» YOUR ASSIGNMENT
Reproduce the material below only from the line with "Een modern interieur" to the line with "Um jovem estudante", both included, keeping each line exact and dropping the pictures.

+===+

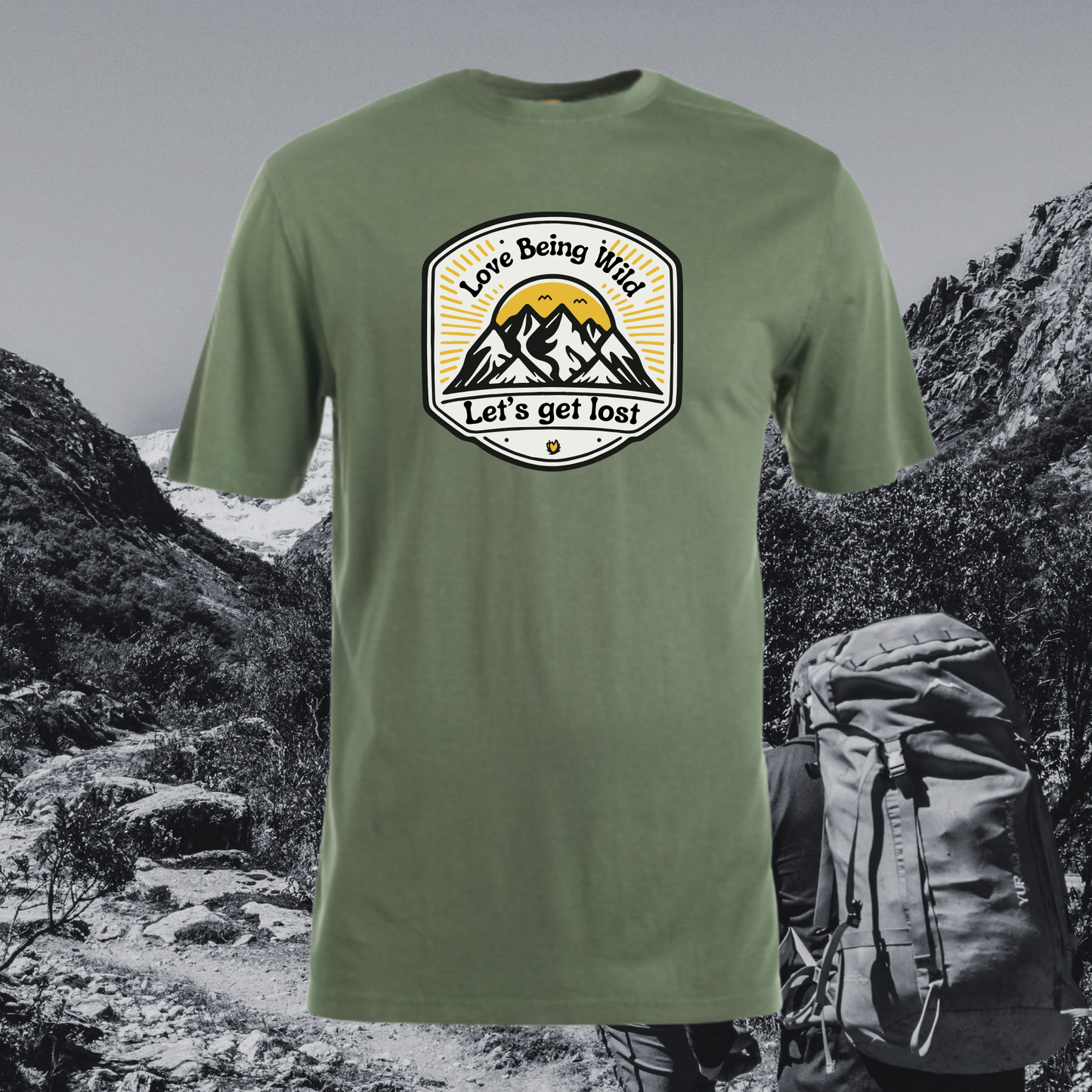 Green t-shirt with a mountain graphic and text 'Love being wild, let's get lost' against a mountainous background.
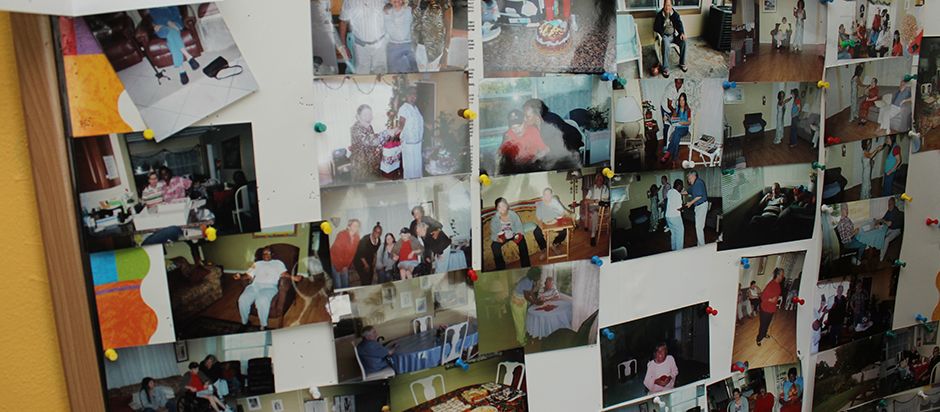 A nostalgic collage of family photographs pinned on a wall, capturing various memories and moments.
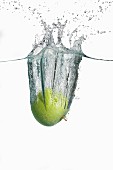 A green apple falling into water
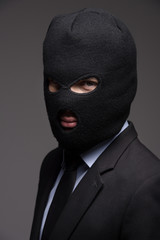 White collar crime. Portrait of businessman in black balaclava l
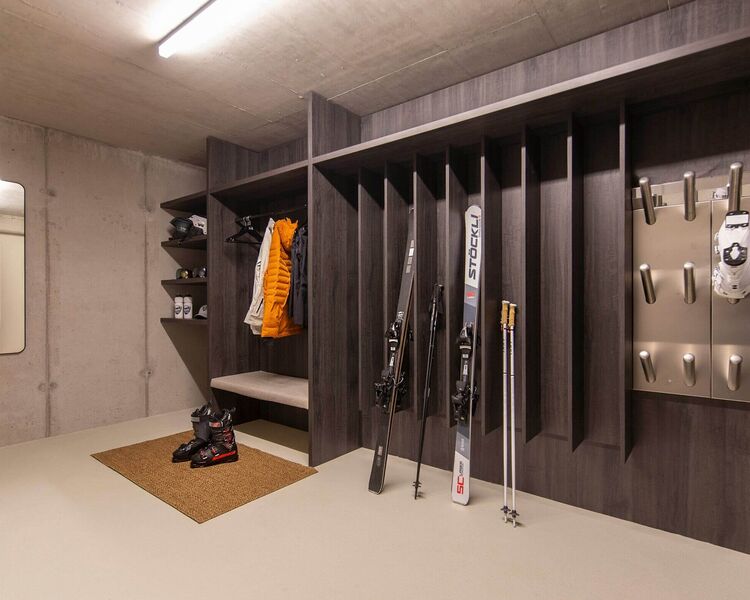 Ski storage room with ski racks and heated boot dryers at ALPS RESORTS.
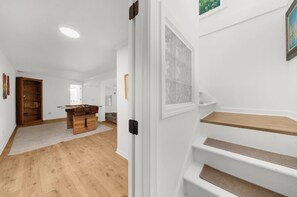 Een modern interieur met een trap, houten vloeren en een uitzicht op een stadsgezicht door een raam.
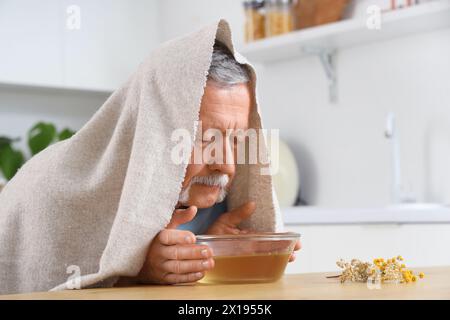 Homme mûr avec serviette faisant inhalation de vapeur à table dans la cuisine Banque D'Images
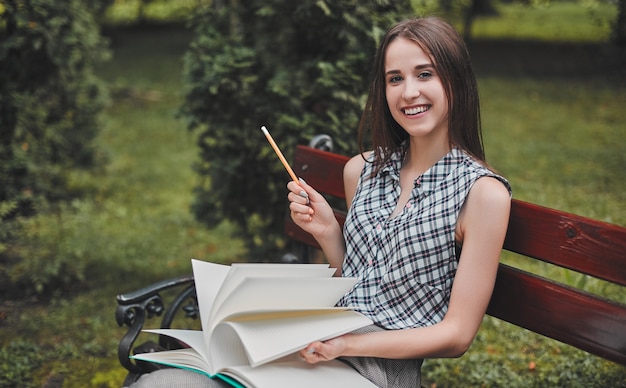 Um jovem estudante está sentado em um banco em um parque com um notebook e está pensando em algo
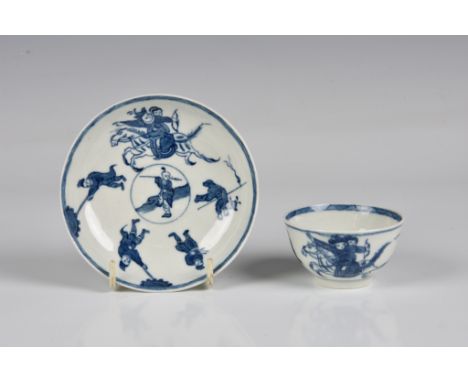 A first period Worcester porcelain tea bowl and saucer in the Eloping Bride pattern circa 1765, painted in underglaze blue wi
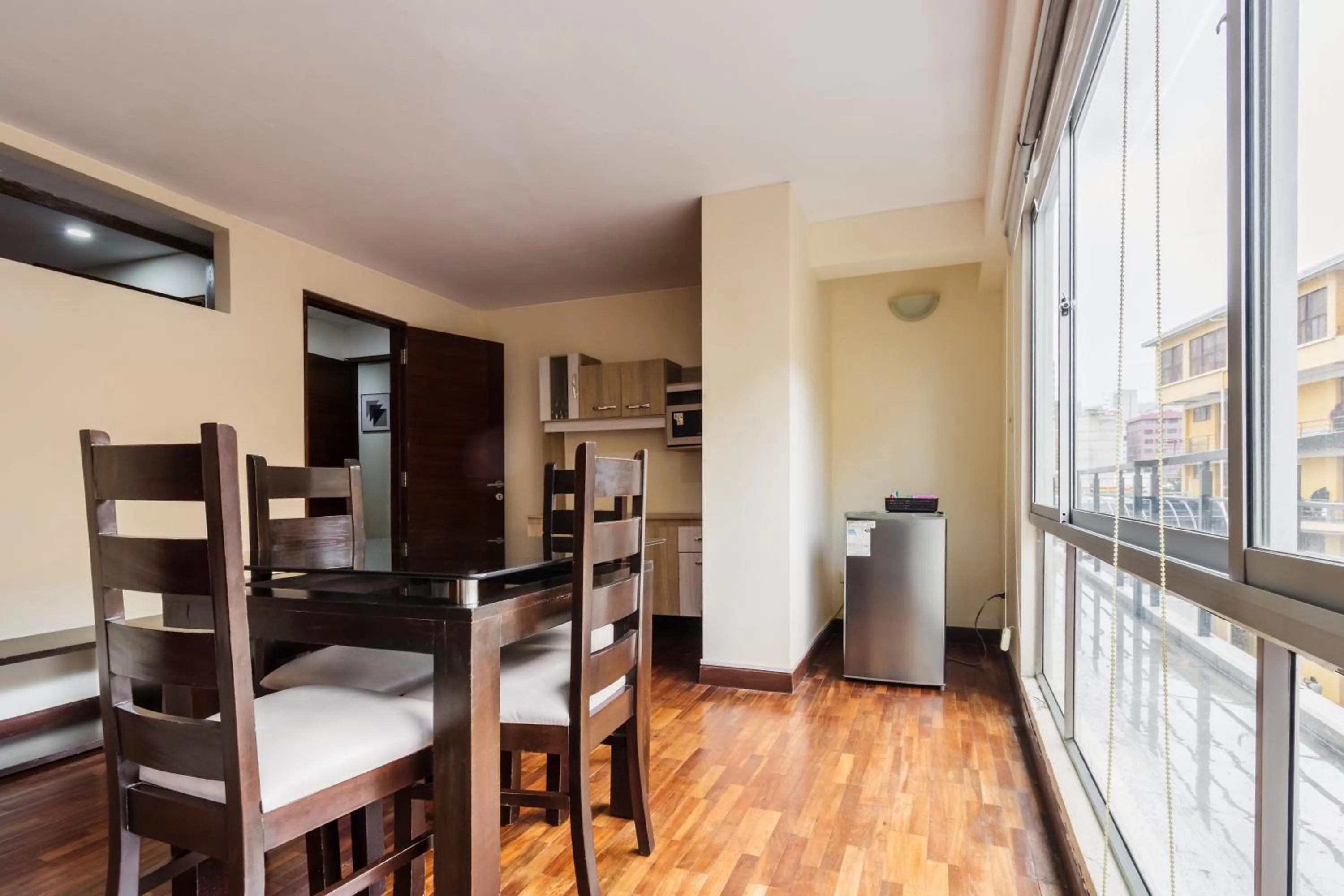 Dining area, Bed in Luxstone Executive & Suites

+===+

» SOLUTION BELOW
 Een modern interieur met een trap, houten vloeren en een uitzicht op een stadsgezicht door een raam.
 Homme mûr avec serviette faisant inhalation de vapeur à table dans la cuisine Banque D'Images
 Um jovem estudante está sentado em um banco em um parque com um notebook e está pensando em algo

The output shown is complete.